Many Alberta First Nation communities recognize solar initiatives as an opportunity that includes environmental and economic benefits.
“The difference between the solar and the oil industry – when the oil industry started taking off the Indigenous people were so behind in every way. We were the janitors, we were the house keepers and even now it was a slow evolution to become business owners. Whereas with the solar energy industry I see that it’s going to be a different playing field altogether,” said Cardinal.

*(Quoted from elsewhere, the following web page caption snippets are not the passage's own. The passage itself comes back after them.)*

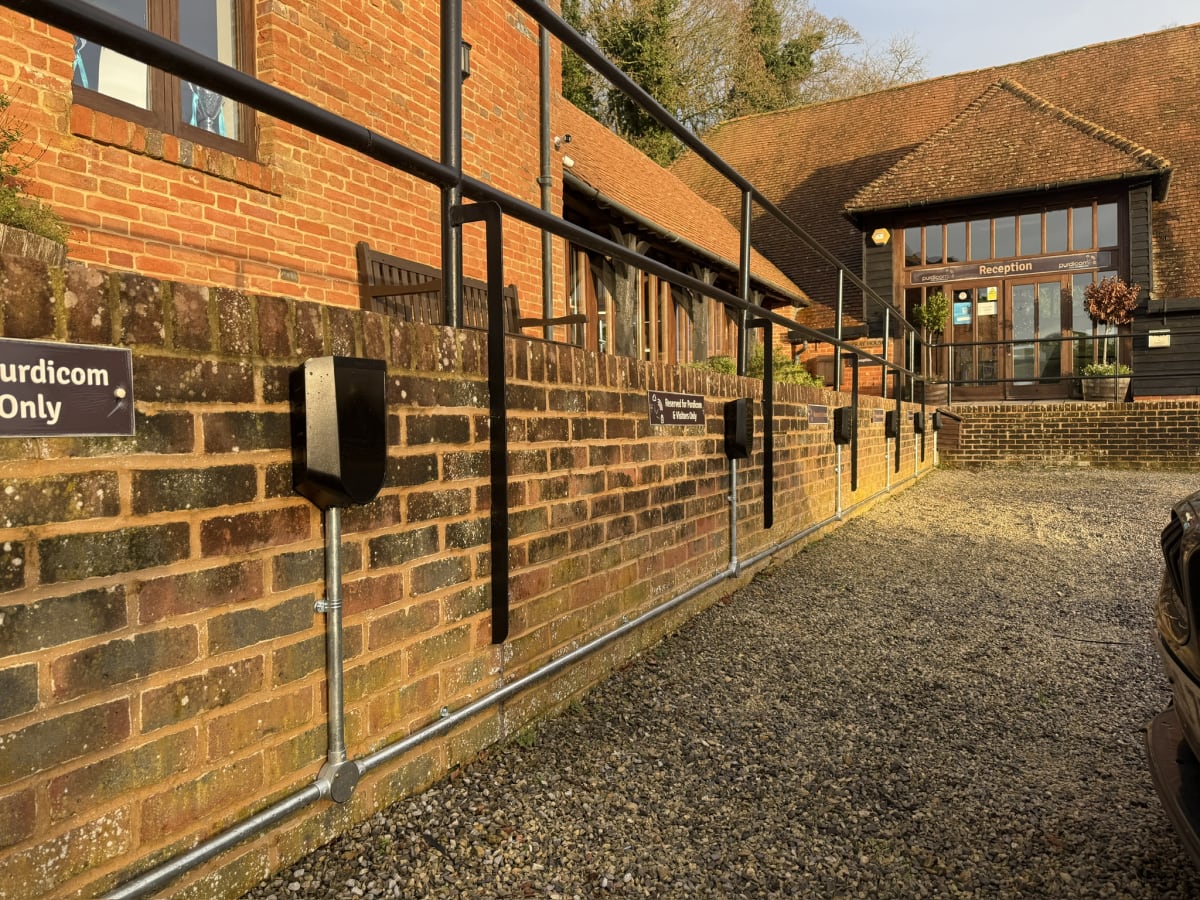 Multiple Easee 22kW chargers mounted on brick wall with galvanised conduit at Purdicom car park, Wantage.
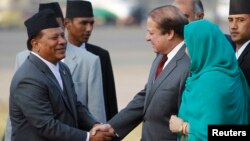 FILE - Nepali Deputy Prime Minister Prakash Man Singh (L) shakes hands with Pakistani Prime Minister Nawaz Sharif upon his arrival for the 18th South Asian Association for Regional Cooperation (SAARC) summit in Kathmandu, Nov. 25, 2014.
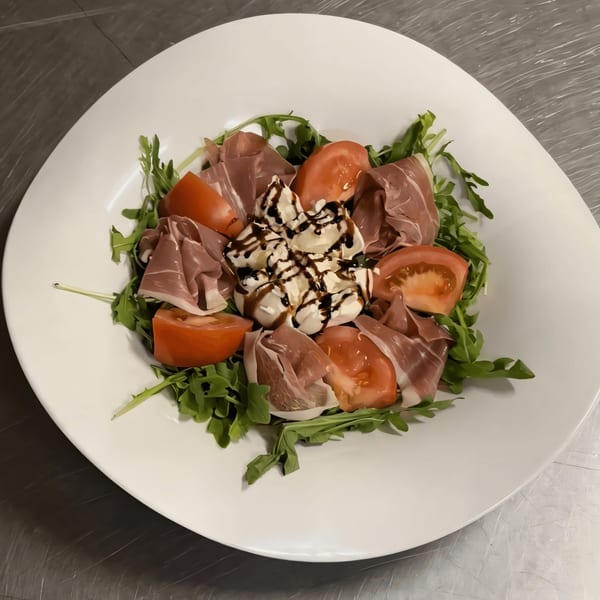 A white plate of Italian salad with prosciutto, tomatoes, burrata cheese, arugula, and balsamic glaze.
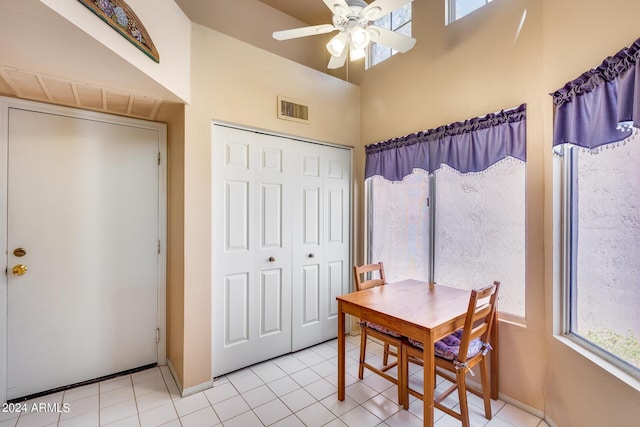 dining room with ceiling fan, visible vents, and light tile patterned flooring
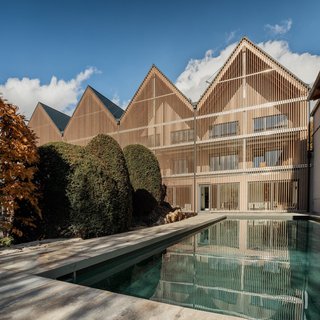 Regensburger Christkindlmarkt Modernes Gebäude mit Holzfassade und Pool im Vordergrund bei sonnigem Wetter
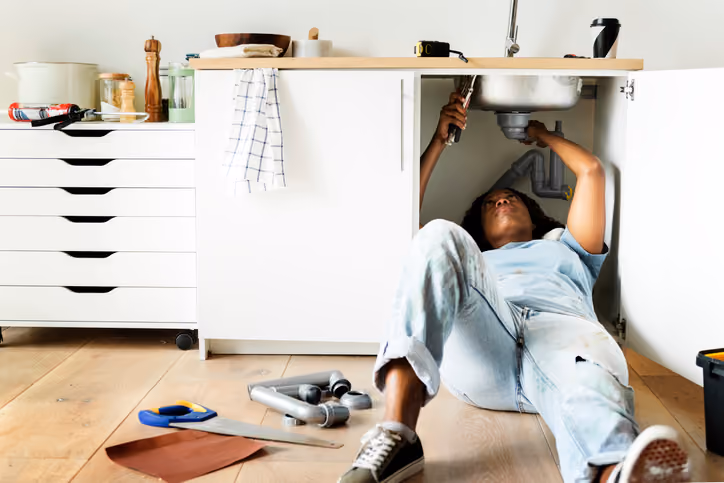 A woman fixing her sink and trying to sell her home that needs repairs.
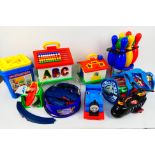 Duplo - Tomy - A collection of plastic toys including a bucket of Stickle Bricks, a Tomy train,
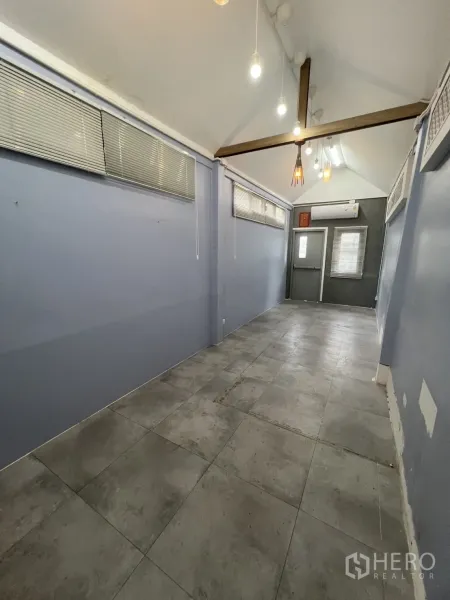 พื้นที่ขายปลีก ให้เช่า - ภายในร้านเพดานจั่ว คานเหล็ก ไฟแขวนหลายดวง และแอร์ที่ด้านหลัง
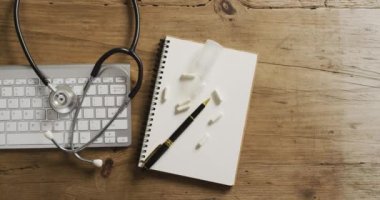 Steteskopun yakın çekim videosu, defter ve haplar ahşap masanın üzerinde. küresel tıp ve sağlık konsepti.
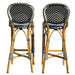 Two bar stools with wicker frames and chevron-patterned seats on a white background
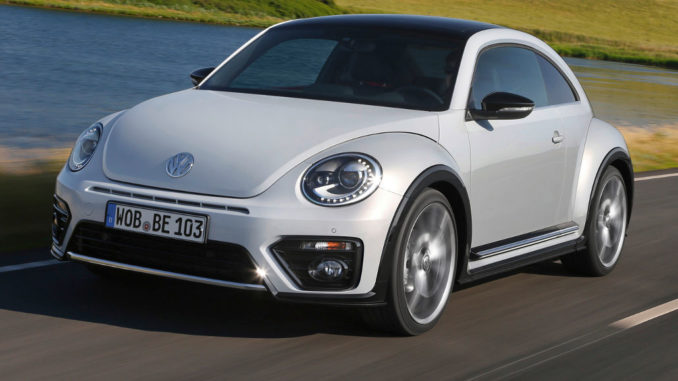 Ein weißer VW Beetle fährt 2016 ein Seeufer entlang.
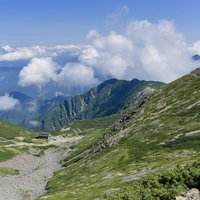 仙丈ヶ岳の稜線に建つ山小屋と湧き上がる雲の写真
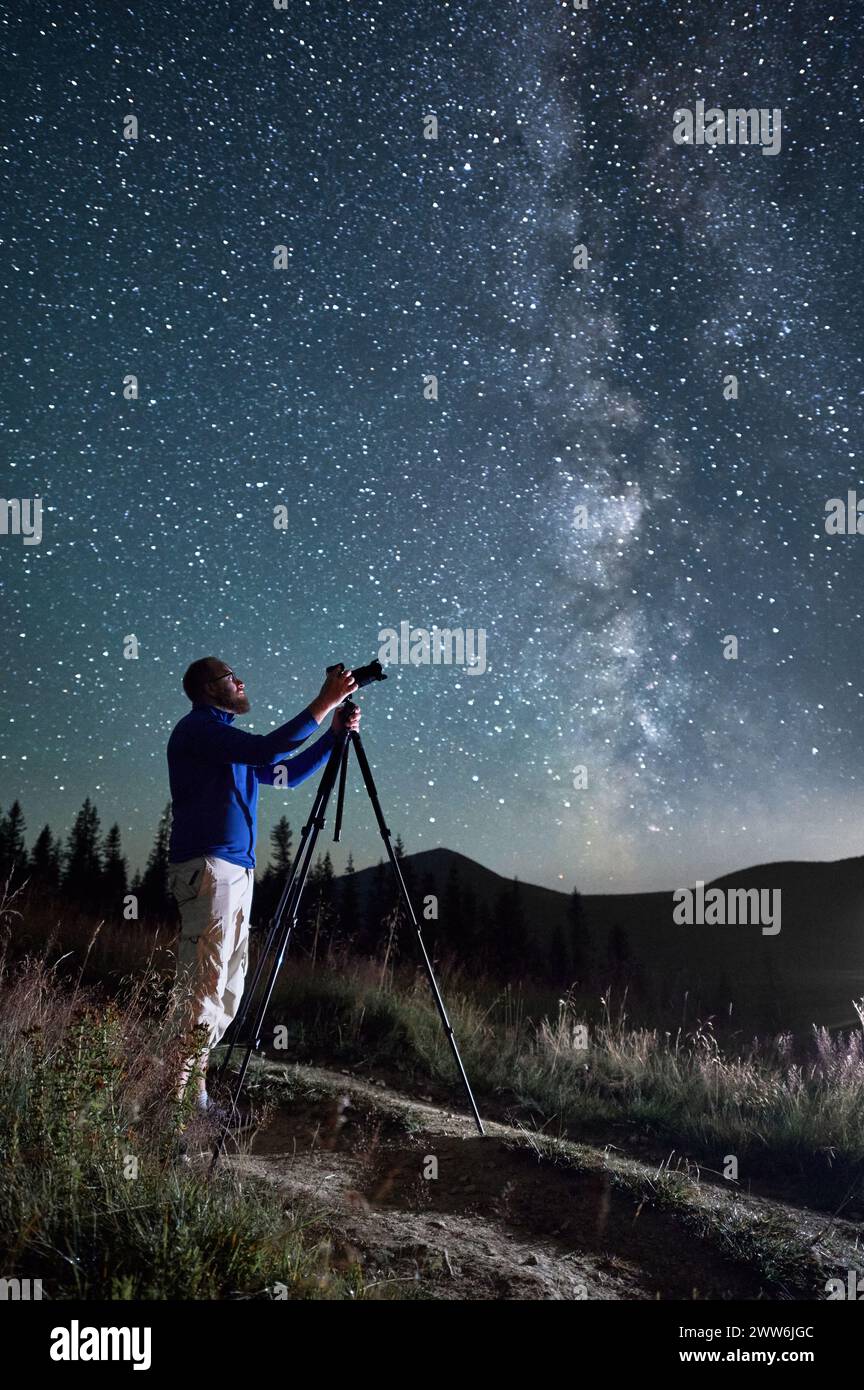 Professioneller Fotograf, der Fotos von der Milchstraße macht. Junger Mann, der seine Kamera fokussiert, um ein perfektes Bild des Sternenhimmels zu machen. Ein Mann, der Bilder vom Nachthimmel voller Sterne in den Bergen macht. Stockfoto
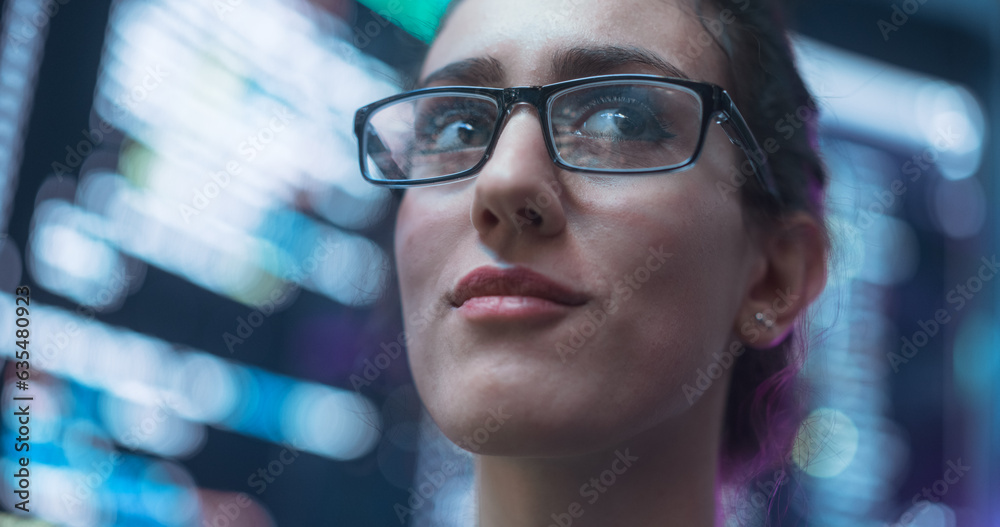 Aufkleber Close Up Portrait of Smiling Woman Looking Around, Lines of Code Language Reflected on her Glasses from Big Display Screens Surrounding her. Professional Female Programmer Developing Software, Coding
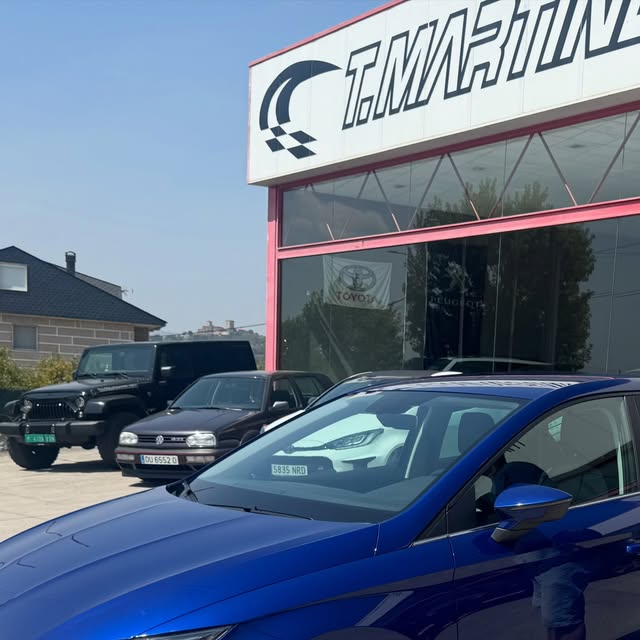 Seat Ibiza azul aparcado frente a la cristalera del concesionario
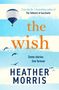Text: "From the No. 1 bestselling author of The Tattooist of Auschwitz", "the wish", "Some stories live forever", "HEATHER MORRIS". Ein Heißluftballon fliegt über Vögel., Buch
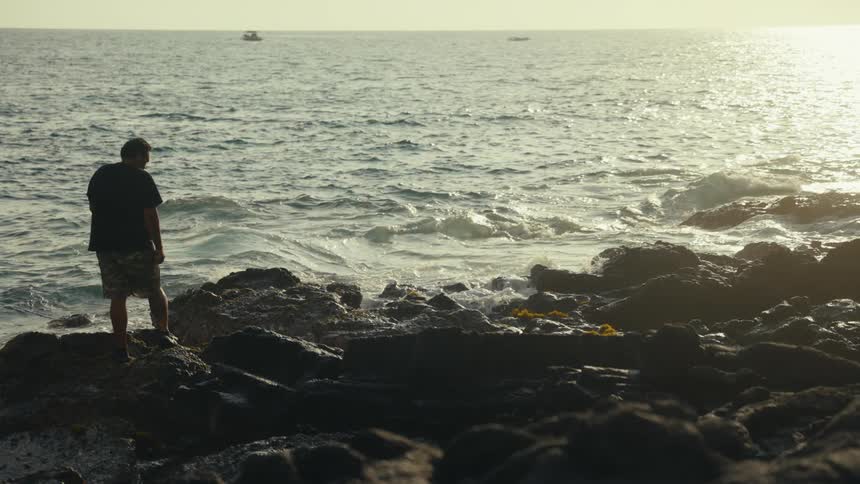 A solitary man stands on a rocky coastline, gazing at the ocean as waves crash against the shore in slow motion during a hazy sunset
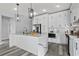 Bright kitchen features stainless appliances, white cabinets, stone countertops, and island with bar seating at 2724 W Dewey St, Tampa, FL 33607
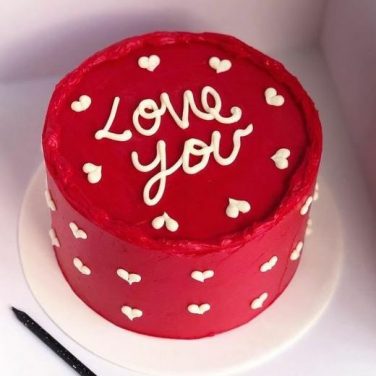 Red cake with "Love You" in white, surrounded by small heart decorations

Montana First Nation in Maskwacis launched the Green Arrow Renewable Energy Corp. last year. It is Canada’s first Aboriginal-owned company of its kind. The band office is now powered by solar energy and one home on the reserve is part of a solar powered pilot project.
Montana also recently partnered with Canada’s leading energy provider Bullfrog Power to build a 20 kW solar installation on Montana’s water treatment plant.
Green Arrow is working with several other First Nation communities across the Prairies to form partnerships to identify and assess the feasibility of clean renewable energy projects on reserve lands.
Green Arrow CEO Barry Wheaton said it helps to provide reserves with a means of self-sufficiency, spurs economic development and employment on reserve.
“We’re really hoping to use this to develop economic opportunities,” he said. “Solar is saving money on electricity bills, it’s reducing your carbon emissions, it’s reducing pollution and it creates jobs.”
Saddlelake Cree Nation in Alberta is also creating a solar project to power their water treatment plant.
Last fall, the Athabasca Chipewyan First Nation unveiled its first-ever solar pilot project that generates power to its youth and elder lodge.
The project is a model for future potential solar initiatives in the community that is located upstream from the tar sands in northern Alberta.
Alternative energy initiatives are spreading quickly and Cardinal said the response to solar technology is positive among most First Nation’s.
“I think people have a revived sense of hope that it isn’t the end of the world. That we can still live a long life, there’s hope for us. Whereas before we were just digging our own graves in the oil sands and that was the only solution we had. But with this new technology it’s really exciting,” said Cardinal.
With the scale of the destruction to the land, the impacts on the air and animals and the health impacts on people, the havoc caused by tar sands extraction can no longer be ignored, she added. And it’s time to think outside of the “Alberta Box.”
“We’re at a point where we have to make a choice. Do we want a future for our children? Do we want clean water and do we still want to have jobs to go to? Then we need to diversify our economy, we can’t just depend on one source of economy,” said Cardinal.
With the new NDP government promising a shift to greener alternatives, Cardinal is hopeful that more funding will be made available for future Aboriginal solar projects.